# Thyroid hormone transport (=uptake) assay

Different Endocrine Disruptor Chemicals (EDCs) were tested for inhibition of thyroid hormone uptake in three cell lines: H4, MO3.13 and SK-N-AS.

    Output raw data: counts per minute
    Machine: 2470 Automatic Gamma Counter (Perkin Elmer)
    Output (processed): percentage uptake compared to solvent control

![image.png](attachment:image.png) 


## Files

- [data/004640.csv](data/004640.csv): raw data
- [data/20240306_CP_TBBPA_BSP_NH3_IOP.xlsx](data/20240306_CP_TBBPA_BSP_NH3_IOP.xlsx): workbook used to process the raw data. The `uptake dd-mm` tab contains the formulas used to process this kind of data.
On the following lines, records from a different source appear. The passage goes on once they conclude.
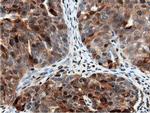 NT5D1 Antibody in Immunohistochemistry (Paraffin) (IHC (P))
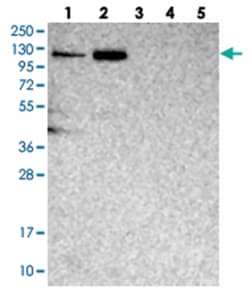 TGFBRAP1, Rabbit, Polyclonal Antibody, Abnova 100&mu;L; Unlabeled:Antibodies,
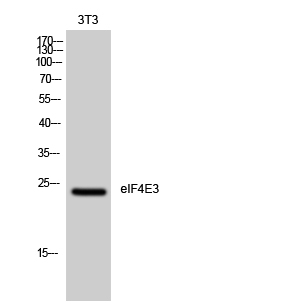 eIF4E3 Antibody in Western Blot (WB)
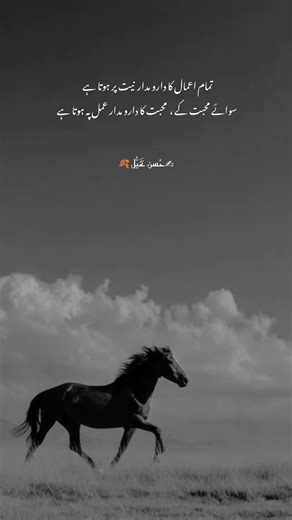 نیت اعمال کی روح ہے، اور عمل محبت کا ثبوت ہے اعمال کا دارو مدار نیت پر ہے، جبکہ محبت کا دارومدار حقیقی اظهار ، عملی اقدامات سے ہوتا ہے ۔ نیت دل کی پوشیدہ کیفیت ہے جو عمل قبولیت پاتی ہے، لیکن محبت صرف نیت سے نہیں بلکہ اس کا ثبوت قربانی، وفاداری اور عملی خدمت کے ذریعے دیا جاتا ہے۔ محبت کا معیار (عملی ثبوت محبت ایک جذبہ ہے، لیکن اس کی تصديق عمل سے ہوتی ہے۔ محض دعویٰ محبت کافی نہیں بلکہ عملی قربانی، وقت، جذبات یا ضرورت محبت کا دارومدار ہے. #fypviralシ #aesthatic #donotunderreviewmyvideos #viwesproble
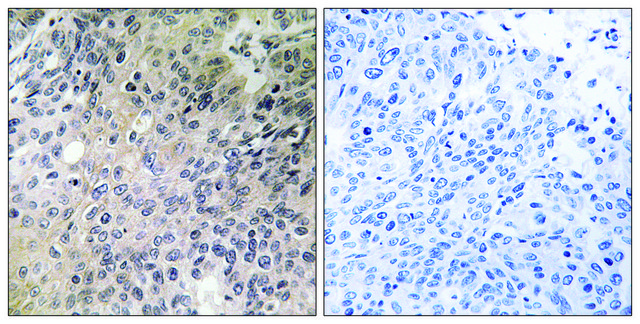 Anti-SHC3 antibody produced in rabbit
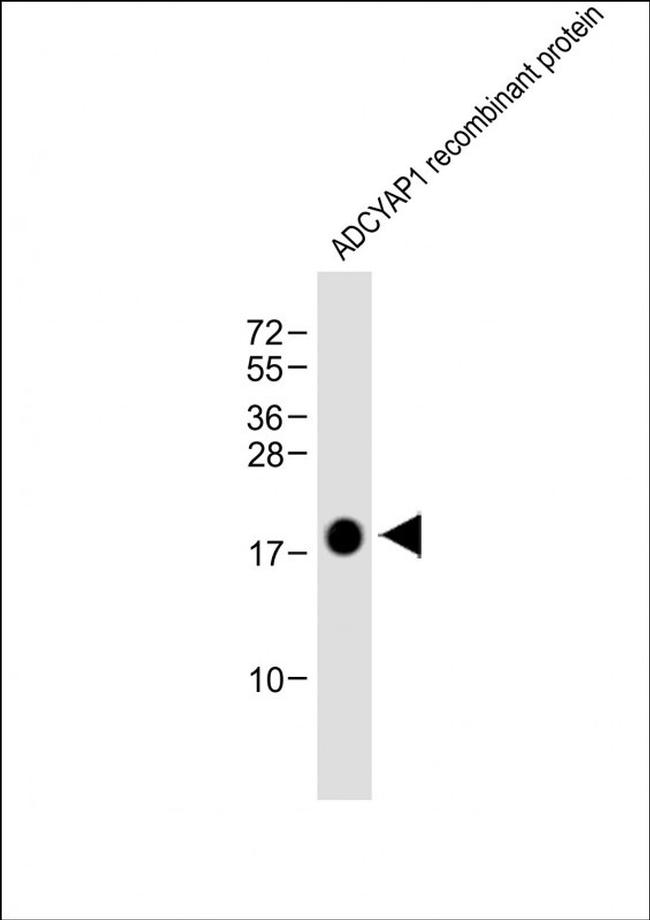 PACAP Antibody in Western Blot (WB)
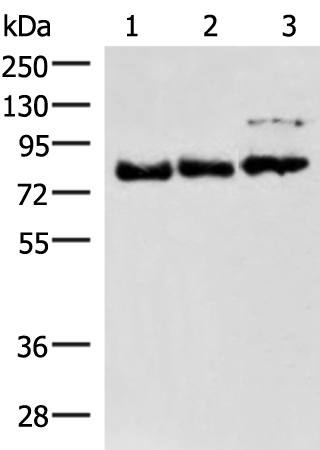 Anti-FOXK2 Rabbit Polyclonal Antibody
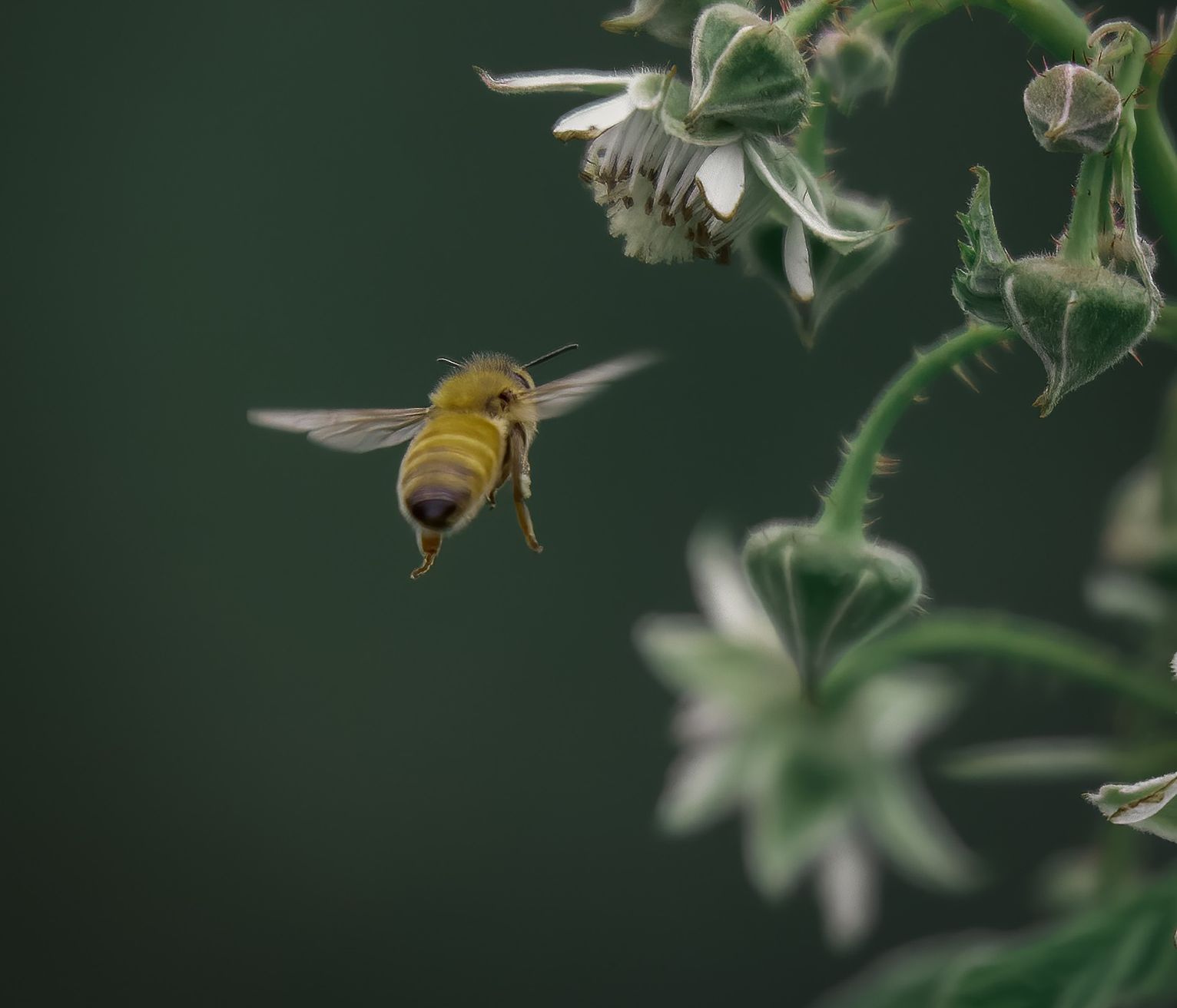 🐝The Genesis & Evolution of SD-WAN | From Branch Networking to Cloud Connectivity🌻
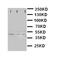 Mitogen-Activated Protein Kinase 13 antibody, LS-C313079, Lifespan Biosciences, Western Blot image 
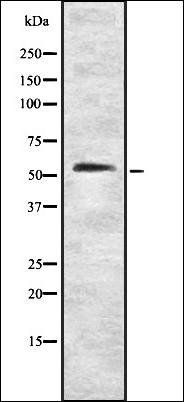 CLK4 antibody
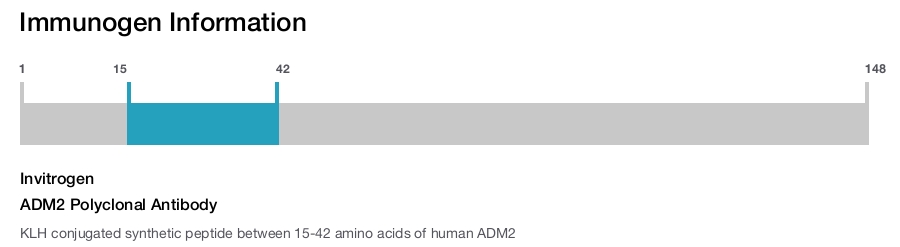 ADM2 Polyclonal Antibody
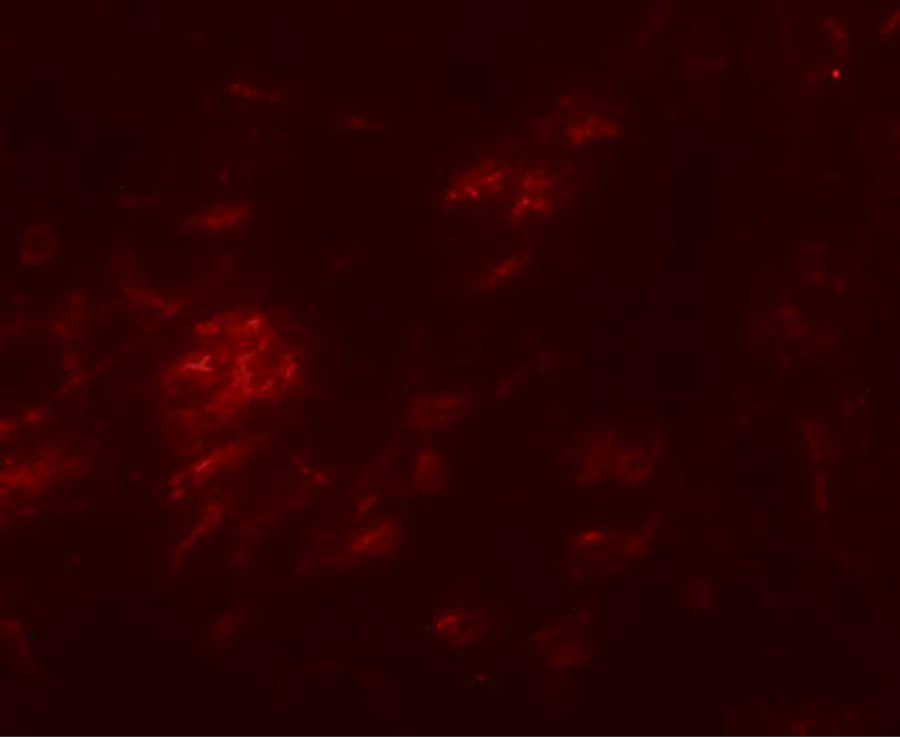Immunocytochemistry/ Immunofluorescence SHISA9 Antibody - BSA Free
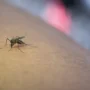 Viral Nyamuk Wolbachia, Apa Itu? Disebut Bisa Lawan DBD, Ini Faktanya!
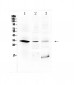 Anti-HOXB1 Picoband Antibody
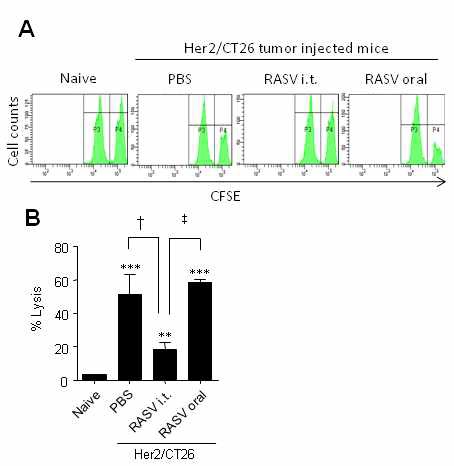 Figure 14. Tumor antigen-specific CTL activity was correlated with tumor size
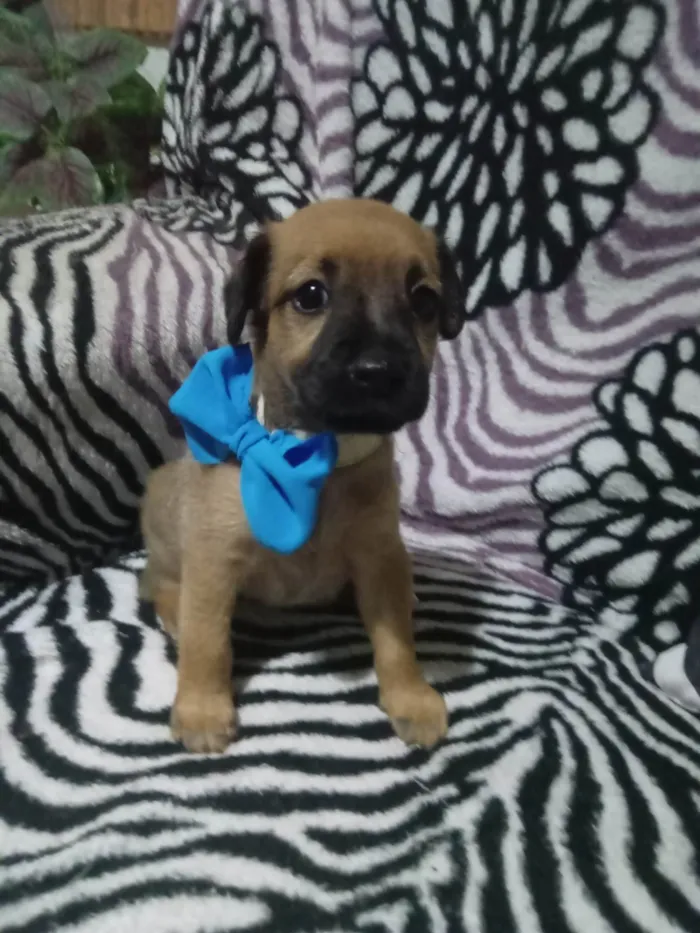 Cachorro ra a SRD-ViraLata idade 2 a 6 meses nome Duque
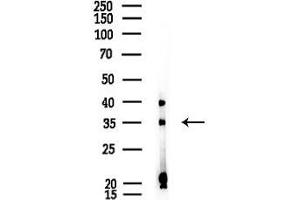 anti-Membrane-Associated Ring Finger (C3HC4) 1, E3 Ubiquitin Protein Ligase (MARCH1) (C-Term) antibody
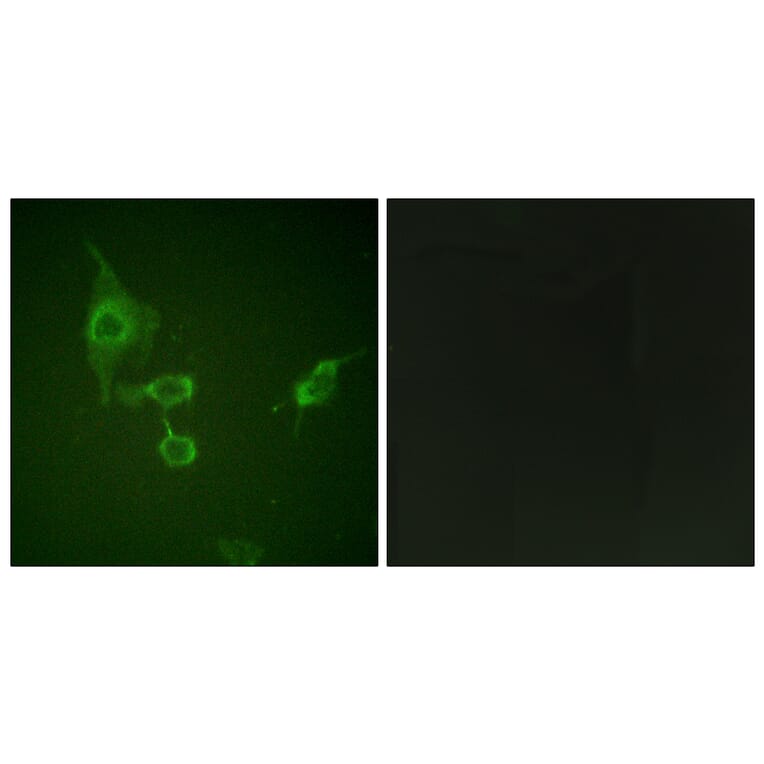 Immunofluorescence - Anti-HCK Antibody (B0938) - Antibodies.com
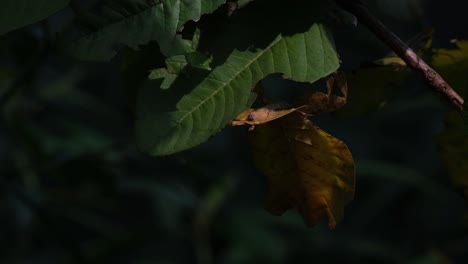 insecto de hoja javanés, phyllium pulchrifolium, forma amarilla femenina, imágenes de 4k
## Concept for the notebook: 
- Reproduce the `uptake dd-mm` sheet from the raw data file and necessary information
- In other words: **parse 2470 Automatic Gamma Counter (Perkin Elmer) output csv files and return desired output**
- To be turned into a package / package module

In [1]:
import pandas as pd
import numpy as np

In [2]:
columns = ["thyroid", "edcs", "Tracermix", "cpm 1 (raw)", "cpm 2 (raw)", "cpm average (raw)", "cpm 1 corrected", "cpm 2 corrected", "average cpm corrected", "%uptake 1 tov DMSO", "%uptake 2 tov DMSO", "avg %uptake", "std %uptake"]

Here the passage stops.